_Data provided_
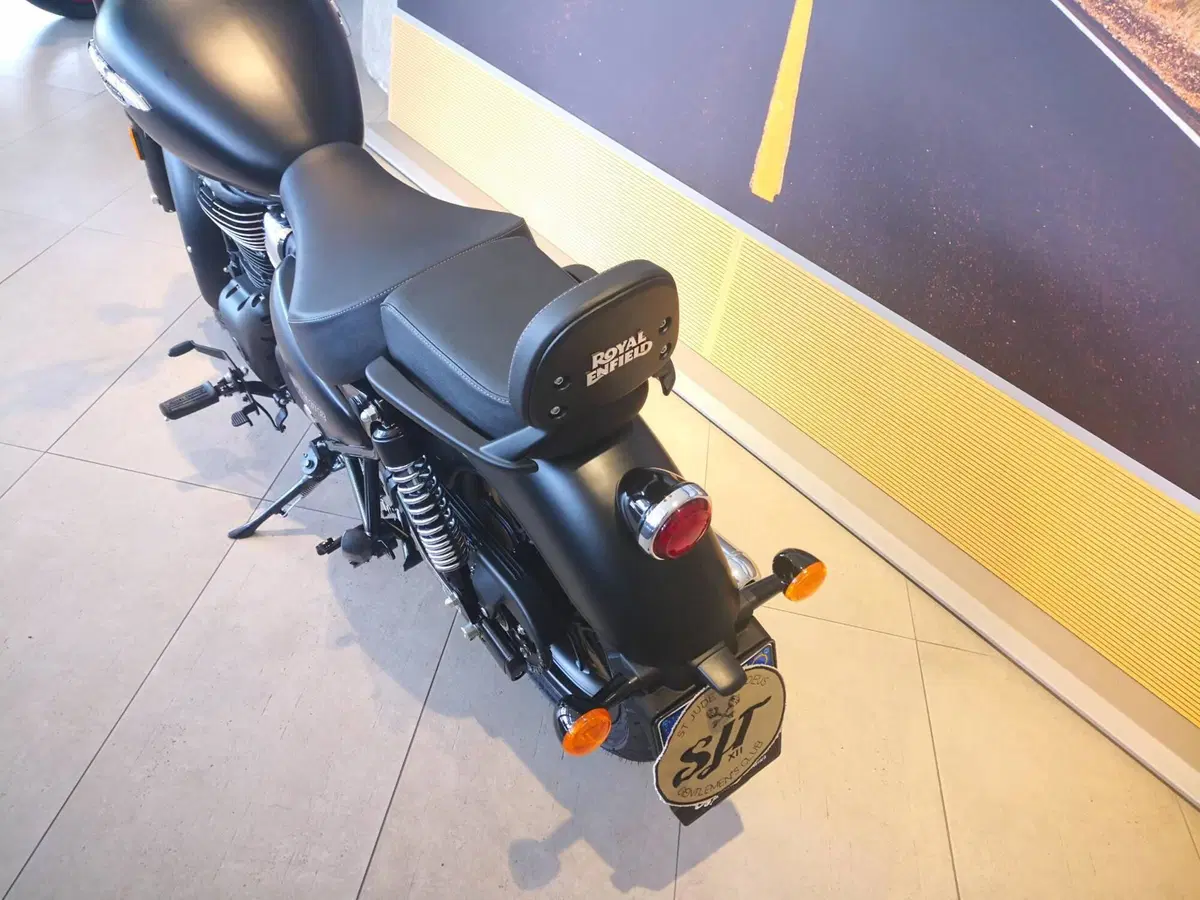 Royal Enfield Meteor 350 (2021 - 26) (13)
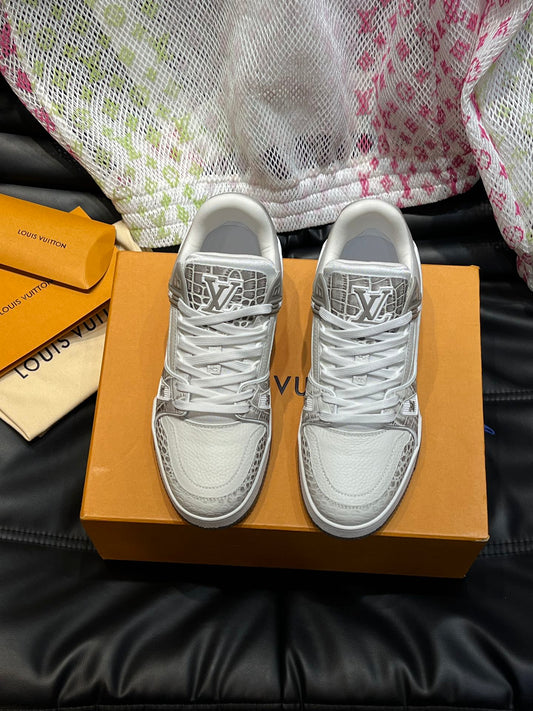 LV LUXURY TRAINER
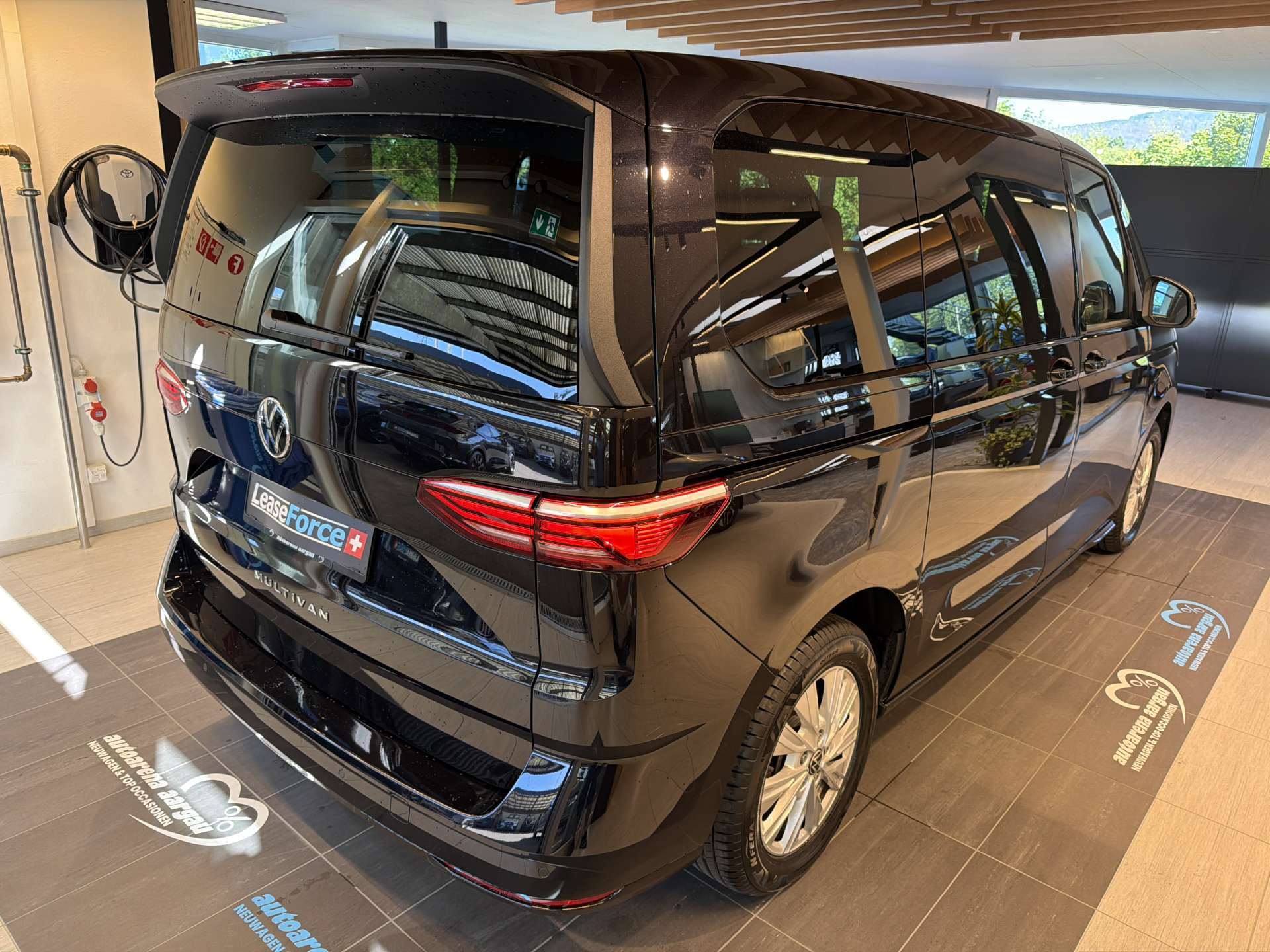 VW T7 Multivan 2.0 TDi Life 7-Plätzer DSG-Automat-image-2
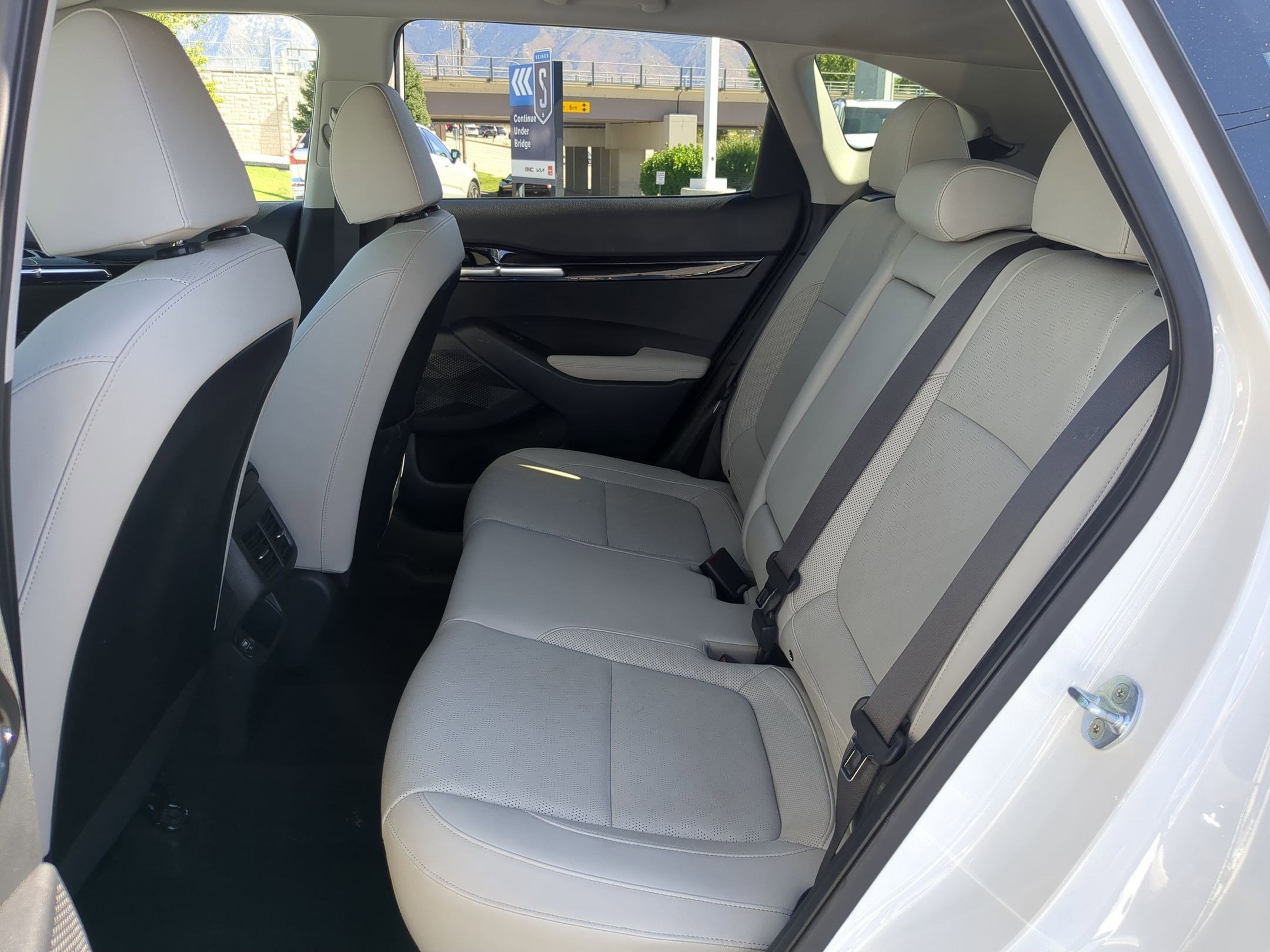 2022 Kia Seltos EX photo 18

_Task instructions_
Only those lines from the one containing "VW T7 Multivan" to the end of the material above, retyped exactly and without pictures, belong in your reply.

_Exercise answer_
 VW T7 Multivan 2.0 TDi Life 7-Plätzer DSG-Automat-image-2
 2022 Kia Seltos EX photo 18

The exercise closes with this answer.